Deep Learning models that’s fed scraped data from the internet’s butthole are great at research papers published on sites like Arxiv.org. But it’s important to exercise a little self-control. As the authors of the technical paper put it, “Research solutions that provide a tiny accuracy benefit at the cost of massive increases in system complexity are rarely wise practice.” Amen!
Who’s going to own this model and care for it and love it and feed it and put a band-aid on its cuts when its decision thresholds start to drift? Since it’s going to cost money in terms of manpower and tied up resources to maintain this model, what is the worth of this model to the business? Deep Learning is great, but also very prune to complexities if you don’t have the right data, right parameters, and most importantly, the right team. Sometimes a simple model, like logistic regression can do the job with a few interactions.

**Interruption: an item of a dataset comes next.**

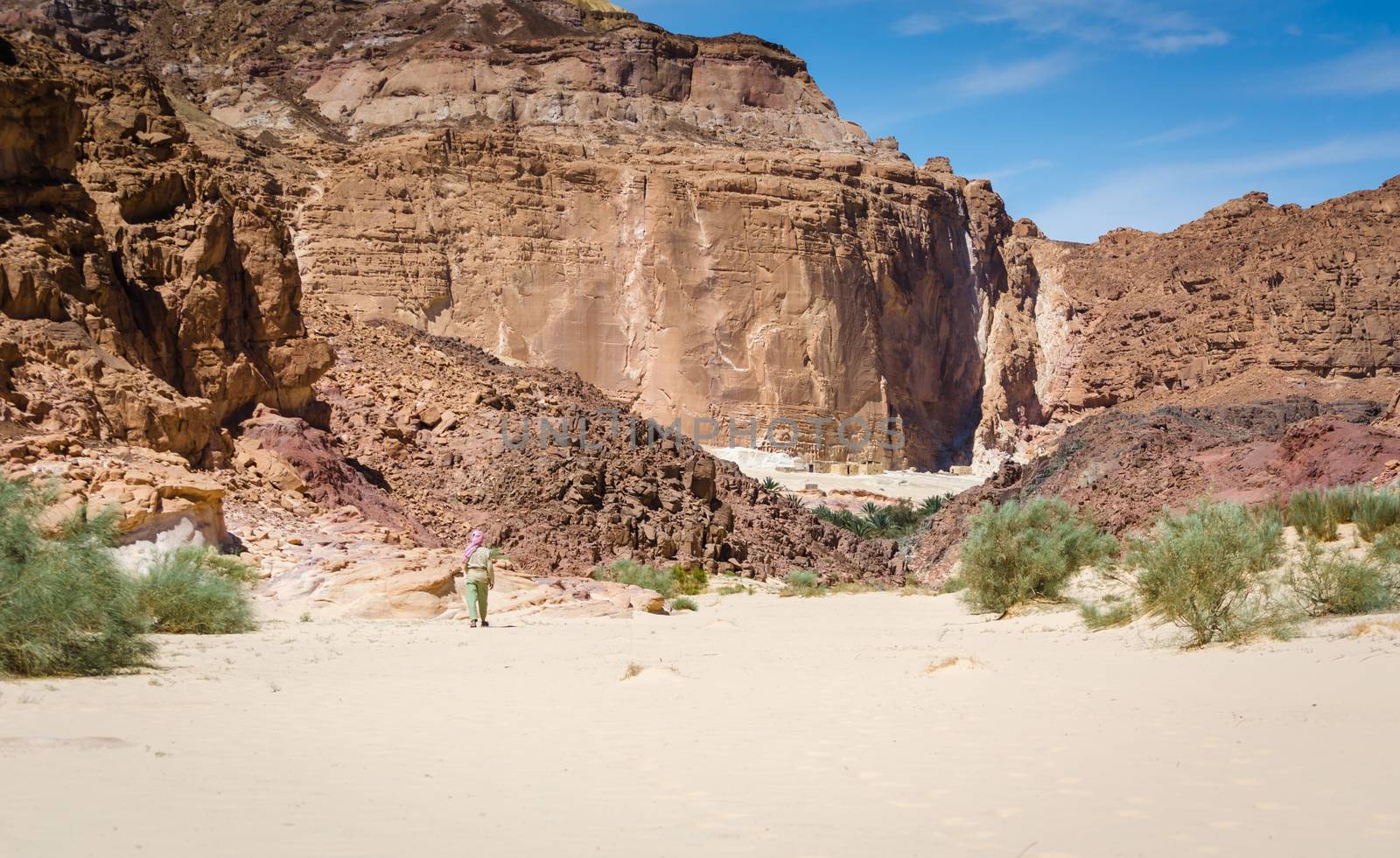 Bedouin goes to a village in the desert amid high rocky mountains in Egypt Dahab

Humans are Feedback Loop Machines
Any attempt to train on present day data, data which has now been polluted by the business’s model-driven actions is fraught with peril. It’s a feedback loop. Of course, such feedback loops can be mitigated in many ways. Holdout sets for example. But we can only mitigate a feedback loop if we know about its existence, and we as humans are awesome at generating feedback loops and terrible at recognizing them.
Models are put in the hands of others to act on. And when the police predict that a community is full of criminals and then they start harassing that community, what do you think is going to happen? The future training data gets affected by the police’s “special attention.” Predictive modeling feeds back into systematic discrimination.

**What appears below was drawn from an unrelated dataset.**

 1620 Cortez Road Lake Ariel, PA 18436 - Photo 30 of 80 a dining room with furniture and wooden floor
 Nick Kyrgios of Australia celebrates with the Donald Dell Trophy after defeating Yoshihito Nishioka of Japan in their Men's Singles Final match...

This is one of the risks of massification of data science techniques. As we put predictive models more and more in the hands of the layperson, have we considered that we might cut anyone out of the loop who even understands or cares about their misuse?
Integrate and correct
When data scientists treat production implementation as a black box they shove their prototypes through and when engineers treat ML packages as black boxes they shove data pipelines through, problems abound.
Mathematical modelers need to stay close to engineers when building production data systems. Both need to keep each other in mind and keep the business in mind. The goal is not to use deep learning. The goal is not to program in Go. The goal is to create a system for the business that lives on. And in that context, accuracy, maintainability, sturdiness…they all hold equal weight.
So as a data scientist keep your team close and your colleagues from other teams (engineers, MBAs, legal, ….) also closer with the goal of getting work done together. It’s the only way your models will survive past prototype.
At the end of the day, its all about humans not machines or data.